Action item: Everything in the data below is to be reproduced without any deviation.

Records provided:
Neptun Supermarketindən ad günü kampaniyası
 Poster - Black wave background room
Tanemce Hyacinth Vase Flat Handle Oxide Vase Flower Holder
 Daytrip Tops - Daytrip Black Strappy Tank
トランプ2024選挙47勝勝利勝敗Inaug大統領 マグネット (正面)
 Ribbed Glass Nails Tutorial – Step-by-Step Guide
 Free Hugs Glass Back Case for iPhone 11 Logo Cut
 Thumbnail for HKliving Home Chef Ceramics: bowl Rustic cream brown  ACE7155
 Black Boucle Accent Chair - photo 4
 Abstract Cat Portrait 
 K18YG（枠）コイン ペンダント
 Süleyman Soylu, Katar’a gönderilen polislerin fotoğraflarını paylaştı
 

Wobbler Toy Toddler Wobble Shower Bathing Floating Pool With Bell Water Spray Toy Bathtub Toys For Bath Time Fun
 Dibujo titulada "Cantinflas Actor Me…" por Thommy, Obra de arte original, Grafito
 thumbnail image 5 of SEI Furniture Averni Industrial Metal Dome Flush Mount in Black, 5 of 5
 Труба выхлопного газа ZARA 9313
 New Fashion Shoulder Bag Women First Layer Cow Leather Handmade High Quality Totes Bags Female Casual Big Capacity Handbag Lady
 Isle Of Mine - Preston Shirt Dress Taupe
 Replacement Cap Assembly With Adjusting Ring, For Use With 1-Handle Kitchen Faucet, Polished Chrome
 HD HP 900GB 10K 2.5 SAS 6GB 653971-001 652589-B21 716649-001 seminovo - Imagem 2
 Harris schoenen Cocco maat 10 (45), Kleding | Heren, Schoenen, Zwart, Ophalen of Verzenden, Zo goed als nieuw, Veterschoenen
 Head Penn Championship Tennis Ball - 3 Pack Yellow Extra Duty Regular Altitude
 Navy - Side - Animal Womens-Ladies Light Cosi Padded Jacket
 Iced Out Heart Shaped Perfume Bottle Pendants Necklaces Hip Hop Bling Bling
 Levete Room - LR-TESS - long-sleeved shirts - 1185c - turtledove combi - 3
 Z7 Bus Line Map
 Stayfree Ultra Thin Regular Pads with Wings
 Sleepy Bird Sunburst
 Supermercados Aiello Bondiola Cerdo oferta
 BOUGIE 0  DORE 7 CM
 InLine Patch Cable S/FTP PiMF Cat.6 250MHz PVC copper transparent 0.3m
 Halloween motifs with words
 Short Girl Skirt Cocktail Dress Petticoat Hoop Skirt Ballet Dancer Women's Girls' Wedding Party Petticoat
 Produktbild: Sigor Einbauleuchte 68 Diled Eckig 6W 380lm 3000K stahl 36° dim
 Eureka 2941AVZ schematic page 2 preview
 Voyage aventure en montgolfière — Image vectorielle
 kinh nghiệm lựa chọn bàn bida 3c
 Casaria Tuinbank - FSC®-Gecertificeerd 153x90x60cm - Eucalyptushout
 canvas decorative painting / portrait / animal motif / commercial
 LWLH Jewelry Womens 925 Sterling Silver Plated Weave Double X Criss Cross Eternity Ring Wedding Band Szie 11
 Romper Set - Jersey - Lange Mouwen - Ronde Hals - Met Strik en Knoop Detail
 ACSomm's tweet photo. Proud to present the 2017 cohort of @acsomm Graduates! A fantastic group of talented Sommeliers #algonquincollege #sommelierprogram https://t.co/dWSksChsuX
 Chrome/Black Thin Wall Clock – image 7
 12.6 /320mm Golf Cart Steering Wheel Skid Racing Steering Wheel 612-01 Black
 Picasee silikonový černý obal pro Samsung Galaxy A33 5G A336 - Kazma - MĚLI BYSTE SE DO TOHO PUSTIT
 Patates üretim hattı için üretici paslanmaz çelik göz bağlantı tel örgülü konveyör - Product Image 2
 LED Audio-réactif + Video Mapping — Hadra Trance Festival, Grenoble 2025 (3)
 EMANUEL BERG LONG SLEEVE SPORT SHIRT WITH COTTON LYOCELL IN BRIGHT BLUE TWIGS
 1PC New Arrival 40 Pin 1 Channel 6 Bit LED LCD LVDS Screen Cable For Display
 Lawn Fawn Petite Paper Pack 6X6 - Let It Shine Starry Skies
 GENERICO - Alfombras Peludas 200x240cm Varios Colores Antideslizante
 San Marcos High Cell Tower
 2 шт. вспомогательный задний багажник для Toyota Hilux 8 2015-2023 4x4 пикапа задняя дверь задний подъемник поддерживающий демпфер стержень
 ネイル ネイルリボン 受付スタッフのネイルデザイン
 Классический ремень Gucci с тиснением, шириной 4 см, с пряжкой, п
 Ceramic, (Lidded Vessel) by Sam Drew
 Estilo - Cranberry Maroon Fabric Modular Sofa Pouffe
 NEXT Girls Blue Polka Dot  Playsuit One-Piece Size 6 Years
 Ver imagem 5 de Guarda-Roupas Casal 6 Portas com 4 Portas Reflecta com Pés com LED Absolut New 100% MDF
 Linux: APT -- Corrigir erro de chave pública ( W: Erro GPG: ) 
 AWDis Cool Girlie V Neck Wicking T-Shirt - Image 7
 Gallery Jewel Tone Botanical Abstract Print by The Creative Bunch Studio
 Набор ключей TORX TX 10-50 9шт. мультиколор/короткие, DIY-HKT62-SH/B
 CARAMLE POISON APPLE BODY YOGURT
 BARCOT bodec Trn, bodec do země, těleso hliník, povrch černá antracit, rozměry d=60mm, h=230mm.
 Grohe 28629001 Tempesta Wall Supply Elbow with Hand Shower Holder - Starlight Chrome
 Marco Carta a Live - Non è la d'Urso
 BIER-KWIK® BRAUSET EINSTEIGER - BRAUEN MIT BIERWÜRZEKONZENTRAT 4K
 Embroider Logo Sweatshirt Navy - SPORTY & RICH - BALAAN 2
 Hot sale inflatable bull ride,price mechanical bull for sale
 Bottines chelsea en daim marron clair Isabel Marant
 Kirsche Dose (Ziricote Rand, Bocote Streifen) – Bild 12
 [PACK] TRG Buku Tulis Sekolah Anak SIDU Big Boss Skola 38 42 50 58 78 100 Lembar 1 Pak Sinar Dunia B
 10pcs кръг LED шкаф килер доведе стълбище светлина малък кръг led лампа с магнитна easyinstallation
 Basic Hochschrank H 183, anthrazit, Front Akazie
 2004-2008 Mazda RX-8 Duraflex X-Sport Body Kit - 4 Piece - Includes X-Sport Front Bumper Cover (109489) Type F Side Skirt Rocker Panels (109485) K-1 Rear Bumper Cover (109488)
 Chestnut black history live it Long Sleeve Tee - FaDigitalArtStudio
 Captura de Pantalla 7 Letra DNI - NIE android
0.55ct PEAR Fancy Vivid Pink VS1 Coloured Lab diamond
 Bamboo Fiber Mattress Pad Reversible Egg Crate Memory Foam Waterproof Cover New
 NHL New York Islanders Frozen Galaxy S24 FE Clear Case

Exercise result:
Neptun Supermarketindən ad günü kampaniyası
 Poster - Black wave background room
Tanemce Hyacinth Vase Flat Handle Oxide Vase Flower Holder
 Daytrip Tops - Daytrip Black Strappy Tank
トランプ2024選挙47勝勝利勝敗Inaug大統領 マグネット (正面)
 Ribbed Glass Nails Tutorial – Step-by-Step Guide
 Free Hugs Glass Back Case for iPhone 11 Logo Cut
 Thumbnail for HKliving Home Chef Ceramics: bowl Rustic cream brown  ACE7155
 Black Boucle Accent Chair - photo 4
 Abstract Cat Portrait 
 K18YG（枠）コイン ペンダント
 Süleyman Soylu, Katar’a gönderilen polislerin fotoğraflarını paylaştı
 

Wobbler Toy Toddler Wobble Shower Bathing Floating Pool With Bell Water Spray Toy Bathtub Toys For Bath Time Fun
 Dibujo titulada "Cantinflas Actor Me…" por Thommy, Obra de arte original, Grafito
 thumbnail image 5 of SEI Furniture Averni Industrial Metal Dome Flush Mount in Black, 5 of 5
 Труба выхлопного газа ZARA 9313
 New Fashion Shoulder Bag Women First Layer Cow Leather Handmade High Quality Totes Bags Female Casual Big Capacity Handbag Lady
 Isle Of Mine - Preston Shirt Dress Taupe
 Replacement Cap Assembly With Adjusting Ring, For Use With 1-Handle Kitchen Faucet, Polished Chrome
 HD HP 900GB 10K 2.5 SAS 6GB 653971-001 652589-B21 716649-001 seminovo - Imagem 2
 Harris schoenen Cocco maat 10 (45), Kleding | Heren, Schoenen, Zwart, Ophalen of Verzenden, Zo goed als nieuw, Veterschoenen
 Head Penn Championship Tennis Ball - 3 Pack Yellow Extra Duty Regular Altitude
 Navy - Side - Animal Womens-Ladies Light Cosi Padded Jacket
 Iced Out Heart Shaped Perfume Bottle Pendants Necklaces Hip Hop Bling Bling
 Levete Room - LR-TESS - long-sleeved shirts - 1185c - turtledove combi - 3
 Z7 Bus Line Map
 Stayfree Ultra Thin Regular Pads with Wings
 Sleepy Bird Sunburst
 Supermercados Aiello Bondiola Cerdo oferta
 BOUGIE 0  DORE 7 CM
 InLine Patch Cable S/FTP PiMF Cat.6 250MHz PVC copper transparent 0.3m
 Halloween motifs with words
 Short Girl Skirt Cocktail Dress Petticoat Hoop Skirt Ballet Dancer Women's Girls' Wedding Party Petticoat
 Produktbild: Sigor Einbauleuchte 68 Diled Eckig 6W 380lm 3000K stahl 36° dim
 Eureka 2941AVZ schematic page 2 preview
 Voyage aventure en montgolfière — Image vectorielle
 kinh nghiệm lựa chọn bàn bida 3c
 Casaria Tuinbank - FSC®-Gecertificeerd 153x90x60cm - Eucalyptushout
 canvas decorative painting / portrait / animal motif / commercial
 LWLH Jewelry Womens 925 Sterling Silver Plated Weave Double X Criss Cross Eternity Ring Wedding Band Szie 11
 Romper Set - Jersey - Lange Mouwen - Ronde Hals - Met Strik en Knoop Detail
 ACSomm's tweet photo. Proud to present the 2017 cohort of @acsomm Graduates! A fantastic group of talented Sommeliers #algonquincollege #sommelierprogram https://t.co/dWSksChsuX
 Chrome/Black Thin Wall Clock – image 7
 12.6 /320mm Golf Cart Steering Wheel Skid Racing Steering Wheel 612-01 Black
 Picasee silikonový černý obal pro Samsung Galaxy A33 5G A336 - Kazma - MĚLI BYSTE SE DO TOHO PUSTIT
 Patates üretim hattı için üretici paslanmaz çelik göz bağlantı tel örgülü konveyör - Product Image 2
 LED Audio-réactif + Video Mapping — Hadra Trance Festival, Grenoble 2025 (3)
 EMANUEL BERG LONG SLEEVE SPORT SHIRT WITH COTTON LYOCELL IN BRIGHT BLUE TWIGS
 1PC New Arrival 40 Pin 1 Channel 6 Bit LED LCD LVDS Screen Cable For Display
 Lawn Fawn Petite Paper Pack 6X6 - Let It Shine Starry Skies
 GENERICO - Alfombras Peludas 200x240cm Varios Colores Antideslizante
 San Marcos High Cell Tower
 2 шт. вспомогательный задний багажник для Toyota Hilux 8 2015-2023 4x4 пикапа задняя дверь задний подъемник поддерживающий демпфер стержень
 ネイル ネイルリボン 受付スタッフのネイルデザイン
 Классический ремень Gucci с тиснением, шириной 4 см, с пряжкой, п
 Ceramic, (Lidded Vessel) by Sam Drew
 Estilo - Cranberry Maroon Fabric Modular Sofa Pouffe
 NEXT Girls Blue Polka Dot  Playsuit One-Piece Size 6 Years
 Ver imagem 5 de Guarda-Roupas Casal 6 Portas com 4 Portas Reflecta com Pés com LED Absolut New 100% MDF
 Linux: APT -- Corrigir erro de chave pública ( W: Erro GPG: ) 
 AWDis Cool Girlie V Neck Wicking T-Shirt - Image 7
 Gallery Jewel Tone Botanical Abstract Print by The Creative Bunch Studio
 Набор ключей TORX TX 10-50 9шт. мультиколор/короткие, DIY-HKT62-SH/B
 CARAMLE POISON APPLE BODY YOGURT
 BARCOT bodec Trn, bodec do země, těleso hliník, povrch černá antracit, rozměry d=60mm, h=230mm.
 Grohe 28629001 Tempesta Wall Supply Elbow with Hand Shower Holder - Starlight Chrome
 Marco Carta a Live - Non è la d'Urso
 BIER-KWIK® BRAUSET EINSTEIGER - BRAUEN MIT BIERWÜRZEKONZENTRAT 4K
 Embroider Logo Sweatshirt Navy - SPORTY & RICH - BALAAN 2
 Hot sale inflatable bull ride,price mechanical bull for sale
 Bottines chelsea en daim marron clair Isabel Marant
 Kirsche Dose (Ziricote Rand, Bocote Streifen) – Bild 12
 [PACK] TRG Buku Tulis Sekolah Anak SIDU Big Boss Skola 38 42 50 58 78 100 Lembar 1 Pak Sinar Dunia B
 10pcs кръг LED шкаф килер доведе стълбище светлина малък кръг led лампа с магнитна easyinstallation
 Basic Hochschrank H 183, anthrazit, Front Akazie
 2004-2008 Mazda RX-8 Duraflex X-Sport Body Kit - 4 Piece - Includes X-Sport Front Bumper Cover (109489) Type F Side Skirt Rocker Panels (109485) K-1 Rear Bumper Cover (109488)
 Chestnut black history live it Long Sleeve Tee - FaDigitalArtStudio
 Captura de Pantalla 7 Letra DNI - NIE android
0.55ct PEAR Fancy Vivid Pink VS1 Coloured Lab diamond
 Bamboo Fiber Mattress Pad Reversible Egg Crate Memory Foam Waterproof Cover New
 NHL New York Islanders Frozen Galaxy S24 FE Clear Case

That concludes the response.